Renée Van Halm is a Canadian contemporary visual artist born in Haarlemmermeer, the Netherlands and immigrated to Canada in 1953.
Exhibitions
Renée Van Halm has been featured in over 30 solo exhibitions including numerous exhibitions at the S.L. Simpson Gallery and Birch Contemporary in Toronto, Ontario, as well as Equinox Gallery in Vancouver, British Columbia, Canada. Notable exhibitions include:
Reverse Engineering at the S.L. Simpson Gallery and Birch Contemporary in Toronto, ON
Cross-Cutting/Inside Out, a 35-year survey exhibition of her works on paper at the Burnaby Art Gallery, Burnaby, BC
Shape of Things at the West Vancouver Museum, Vancouver, BC
Her work has been included in numerous group exhibitions such as Aurora Borealis at the Centre international d'art contemporain, Montréal, weak thought at the Vancouver Art Gallery, Architypes at the Charles H. Scott Gallery, Vancouver and the Embassy of Canada, Tokyo, Cut and Paste at the Equinox Gallery, The Poetics of Space at the Vancouver Art Gallery, New Monuments Forget the Future at Birch Contemporary, Return of the Image at the Beaverbrook Art Gallery, Fredericton, NB, Form Follows Fiction at UTAC, Toronto, and Elusive Utopias at the Judith and Norman Alix Gallery, Sarnia, ON.
Art practice
Renée Van Halm has a long-standing interest in the history of painting and the production of hybrid objects that blur the space between painting, sculpture and architecture.
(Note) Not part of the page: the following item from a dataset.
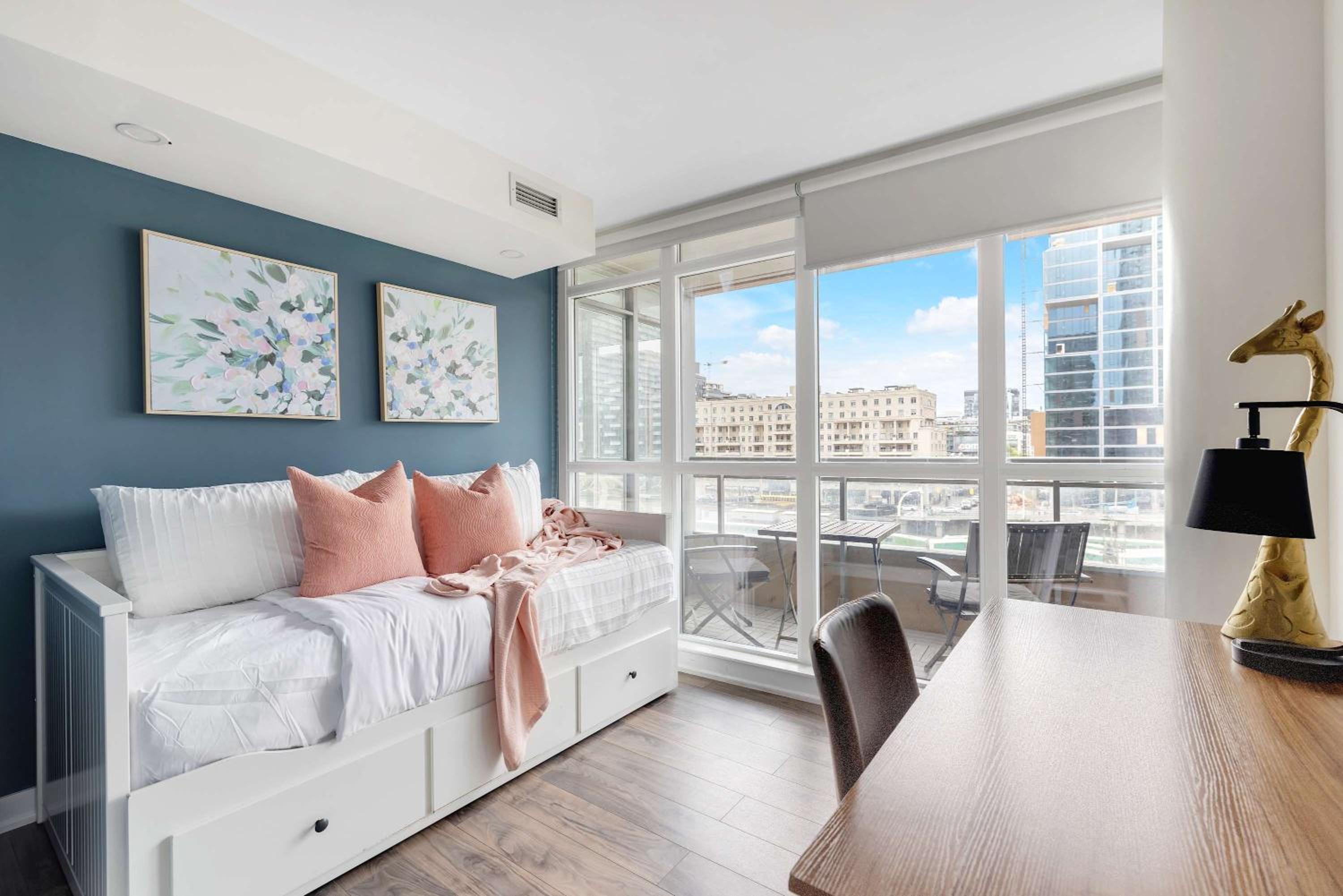 Downtown Oasis Top Location & Free Parking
She is deeply invested the material processes of painting and the traditional terms of its construction. Of her artistic practice, Van Halm has written: "Cultural history and how we represent and inhabit architecture are fundamental to my work. Over the years I have looked at many subjects that reflect on art and design practices through the genres of still life and landscape as well as decor, abstraction and pattern. I am drawn to the expectations that underscore these preoccupations. Over thirty year ago I began to work with the architecture found in early Renaissance painting, from which I built life sized three-dimensional structures. This work led me to consider how architectural space governs contemporary experience. This continues in my current work where I work with images culled from mainstream fashion and decor magazines which I manipulate and juxtapose in new compositions. These form the basis of paintings. My ongoing interests are in how we as individuals, define and negotiate our private experiences in thespaces where we live." Van Halm often incorporates art historical, painterly references, as well as allusions to architectural history. Art critic Robin Laurence writes: "Her art takes on presence and absence, private and public, intimacy and grandeur, modernism, pre-modernism, and postmodernism, all in a manner that is gorgeously painterly and rigorously critical. The sources of Van Halm’s imagery range from early Renaissance paintings to contemporary real-estate ads, and from interior design publications to her own photographs and collages."